Network architecture — forward pass
The network is trained in PyTorch on the full MNIST training set (60,000 images) and evaluated on the test set (10,000 images). Training converges quickly — this is not a hard problem for a network of this size. The purpose of training is purely to obtain a set of weights that we can then transplant into our C++ engine.
784Input dimsflattened 28×28
128 → 64Hidden layersReLU activated
10Output classesdigits 0–9
97.36%Test accuracyPyTorch baseline
02
Exporting weights from PyTorch
After training, we dump the weights and biases for each layer as raw binary files — plain floating-point values, no framework metadata, no computation graph. Each layer produces two files: a weight matrix and a bias vector.
import torch
import numpy as np
model.eval()
for name, param in model.named_parameters():
arr = param.detach().cpu().numpy()
arr.astype(np.float32).tofile(f"{name}.bin")
The weight files are the only artifact from PyTorch that crosses into the C++ world. Everything else — layer construction, activation functions, the forward pass itself — is reimplemented independently. This is intentional: we want to verify that the C++ engine produces identical results to PyTorch given the same weights.
03
The C++ inference engine — modular by design
Rather than writing a monolithic forward function, the engine is structured to mirror how frameworks like PyTorch actually work internally: separate classes for layers and activations, with operator overloading to compose them cleanly.
01
Constructor — dimensions + weight loading
The Layer takes input_dim, output_dim, and scaling statistics. load_params() dynamically analyzes parameter limits to compute quantization scales, mapping continuous weights directly into uniform 8-bit integer buffers.
02
matmul() and gemm() — structural comparison
matmul() maps single linear transformations serially. gemm() incorporates 6-nested blocking loops to orchestrate highly localized matrix multiplication tiles across dynamic batches.
03
add_bias() — precision scaling boundaries
Bias compensation is executed explicitly prior to writing back the final tensor blocks, preserving scale matching thresholds across different quantization domains.
04
operator() — localized lifecycle profiling
Calling layer(x) invokes core computing blocks wrapped directly within our ARM hardware profiler context, validating edge latencies safely during execution.
class Layer {
public:
Layer(int input_dim, int output_dim, string weights_filepath, string bias_filepath, float in_scale, float out_max_val)
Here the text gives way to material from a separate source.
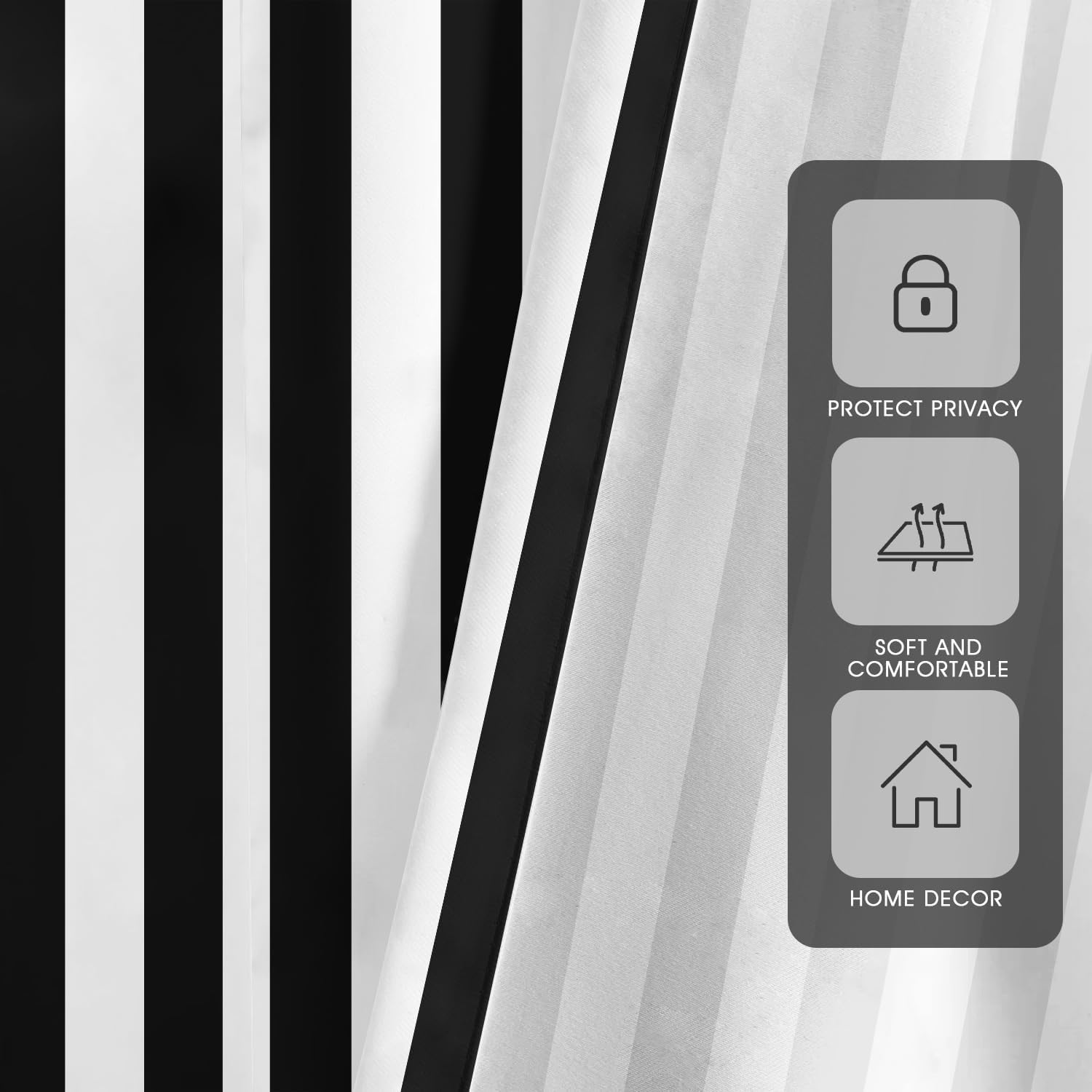 zokyer Black and White Kitchen Curtains Striped Simple Trendy Neutral Art Boys Men Teen Small Short 27.5" W x 39" L Window Treatment Tiers for Bedroom Living Room Bathroom 2 Panels Rod Pocket Drapes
: in_dim(input_dim), out_dim(output_dim), input_scale(in_scale) {
weights = load_params(weights_filepath, out_dim * in_dim, weight_scale);
bias = load_params(bias_filepath, out_dim, bias_scale);
output_scale = out_max_val / 127.0f;
out.resize(output_dim);
}
vector<int8_t> load_params(const string& filepath, size_t num_elements, float& scale_out) {
vector<float> data(num_elements);
vector<int8_t> data_i(num_elements);
ifstream file(filepath, ios::binary);
file.read(reinterpret_cast<char*>(data.data()), num_elements * sizeof(float));
float max_val = 0.0f;
for (float val : data) max_val = max(max_val, fabsf(val));
scale_out = max_val / 127.0f;
for (size_t i = 0; i < num_elements; i++) {
data_i[i] = (int8_t)round(data[i] / scale_out);
}
return data_i;
}
vector<int8_t> operator() (vector<int8_t>& x) {
assert(x.size() == in_dim && "Input size mismatch with layer");
profile.start();
gemm_neon(x);
profile.stop_and_print();
return out;
}
private:
int in_dim, out_dim;
vector<int8_t> weights, bias, out;
float input_scale, weight_scale, bias_scale, output_scale;
ARMCacheProfiler profile;
};
04
Float model — verifying correctness
The float inference engine is the ground truth. Before optimizing anything, we need to confirm that our C++ forward pass produces the same predictions as PyTorch on every test image. This is non-trivial: floating-point arithmetic is not exactly associative, and differences in operation order can produce subtly different results.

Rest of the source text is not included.